Saturday, March 20, 2004

I Miss

I miss being up before my brother and sister on Saturday mornings, so I could pick which cartoons we would watch. We may have only had seven channels to choose from but they all seemed to have quality programming at least in my ten year old eyes. I miss watching those old shows while eating a big bowl or two of Count Chocula with lots of milk. I miss cartoons that were created for entertainment not half hour long infomercials.

I miss playing smear, pickle, freeze tag and all the other games we would make up. We would chase each other around the yard until our little legs could no longer move. Collapsing into panting heaps we would rest for a few minutes than get up and do it again. I miss spending hours setting up Lincoln Logs and toy soldiers only to destroy our handy work in five-minute battles. Or reenacting our own version of the Alamo (I was always Davy Crockett), using picnic tables for walls and broomsticks for rifles we would die spectacular, agonizing deaths as our position was overrun.

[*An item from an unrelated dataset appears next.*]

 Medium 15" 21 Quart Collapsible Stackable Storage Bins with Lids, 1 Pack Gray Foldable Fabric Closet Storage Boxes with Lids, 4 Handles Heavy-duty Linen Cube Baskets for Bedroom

I miss sitting in my tree house on warm summer afternoons. Sipping an ice-cold coke (before they messed with the recipe) and reading the latest Hardy Boys adventure. I miss hiking in Monrovia Canyon still young enough to think that trails were for losers. We would go straight up hillsides and waterfalls and come home with the scratches, bruises and poison oak to prove it.

I miss going to the drive-in, all of us kids sporting pajamas. The smell of fresh popped homemade popcorn drenched in real butter can still bring a smile to my lips. I miss heading off to the playground between movies; swinging, sliding and chasing the merry-go-round, in our pajamas with a hundred other kids. None of our parents worried about us because no one believed anything bad would ever happen and it never did.

I miss sneaking out of bed after my parents were asleep and watching Johnny Carson on the Tonight Show. Back when he was on five days a week and the show ran one and a half hours. I miss all of the old stars that would drop in just to chat not because they had something to promote. Bob Hope, Frank Sinatra, Dean Martin, Jimmy Stewart, and Lucille Ball you never knew who might turn up or what they might say, but you were guaranteed to be entertained. I miss the networks signing off at one A.M. Fighter planes would scream across the screen, while someone sang God Bless America. Flags would flap in the wind and a voice would announce that we had reached the end of the broadcast day.

Most of all I miss my childhood friends. David, Mark, Carolyn, Patty, Joyce, Mike, Fred, Ricky, David and Diane. We had some great times and some not so great times but I miss them one and all.